# More Deer Pics



## Nemont (Jan 27, 2004)

Here are some more pics of deer taken by friends and relatives of mine in 03. Thought I would share with you.
































A public land eastern Montana Bull








One Goat









Just trying to stay inside and stay warm.
Nemont


----------



## GooseBuster3 (Mar 1, 2002)

Nice pics!! Man I cant wait until I can go out west this year and hunt mulies again!!


----------



## mallard (Mar 27, 2002)

Nice bucks you guys got.Were those taken on public or private land?If private,do you have to pay for access?


----------



## Nemont (Jan 27, 2004)

All taken on public, BLM, land except the antelope. Taken on my Father in laws ranch.

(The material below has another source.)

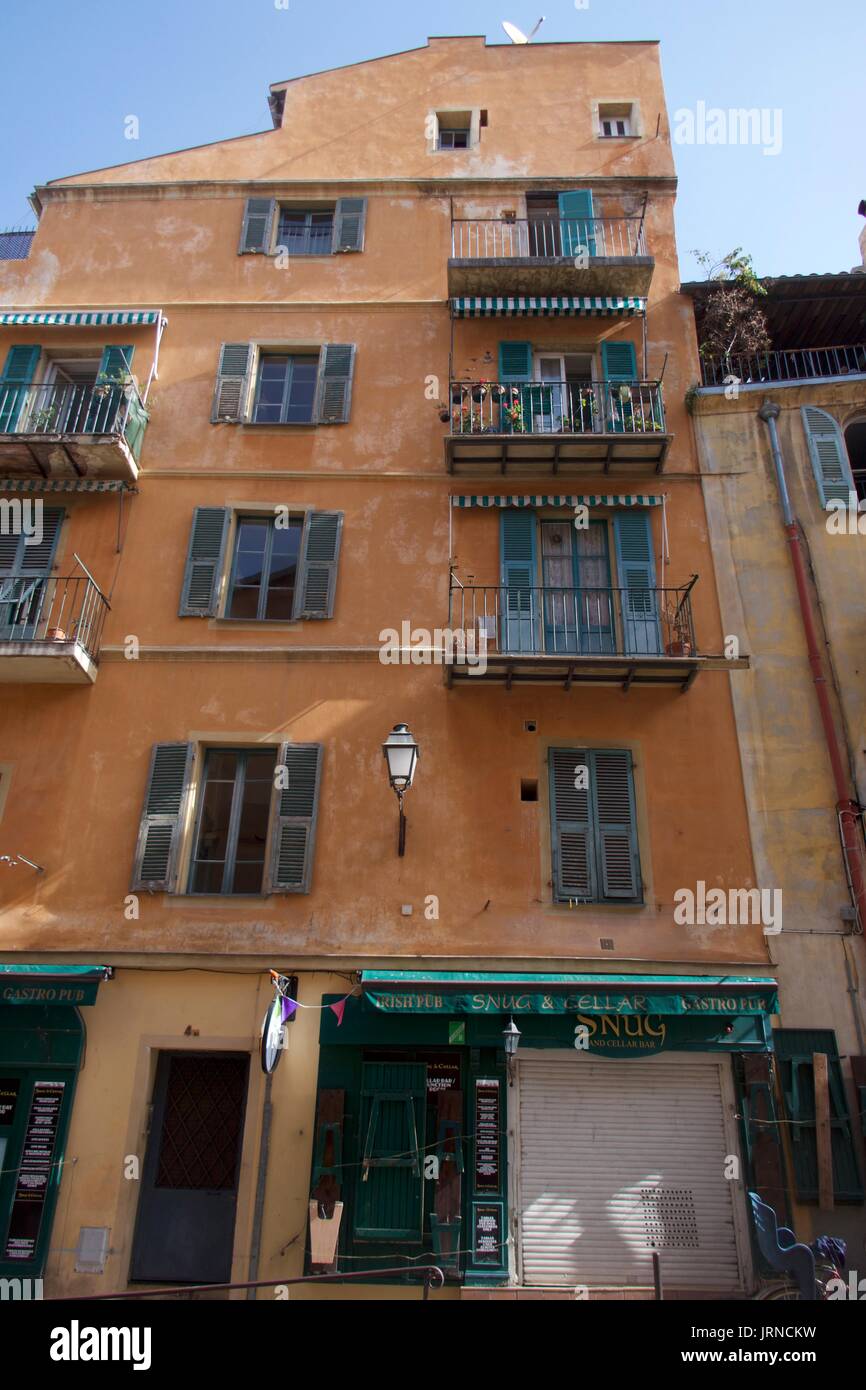 Shop front below traditional apartment exterior with window shutters and balconies, Nice, France Stock Photo
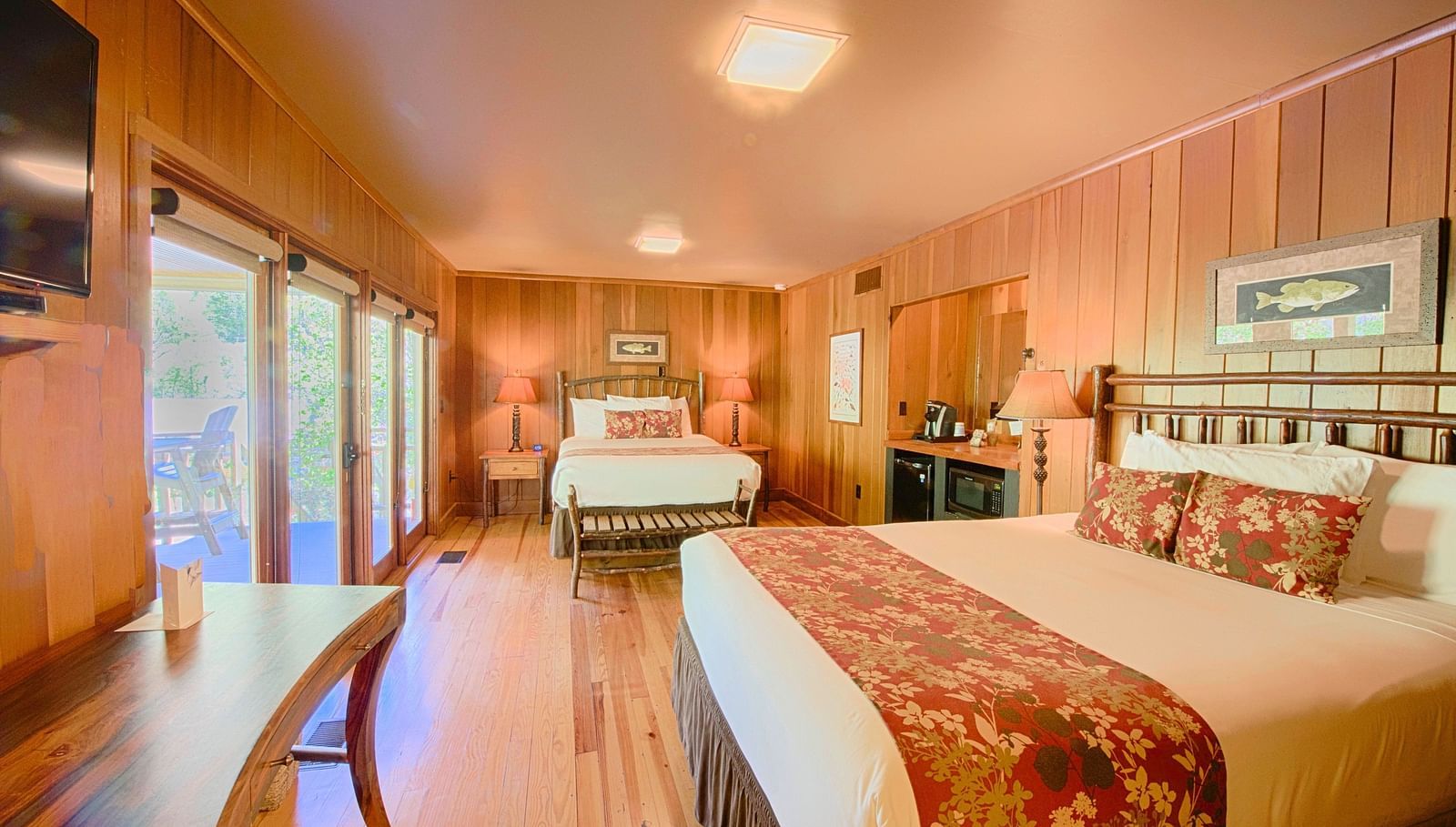 a room with ample of natural light coming from the huge windows featuring two comfortable double beds - Historic Tapoco Lodge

Have never, yet, paid for hunting access. 
Nemont


----------



## mallard (Mar 27, 2002)

Nemont,The reason I asked is that a few of the locals I talked to,that were at the Hell creek campground, said all of the ranchers want money to hunt there land.


----------



## Nemont (Jan 27, 2004)

Mallard,
That may be true but I guess I have had the advantage of being born and raised here. Know a lot of people and who will let a guy hunt. It is like every other place in the country, it pay to play. 
Nemont


----------



## goose133 (Feb 25, 2004)




----------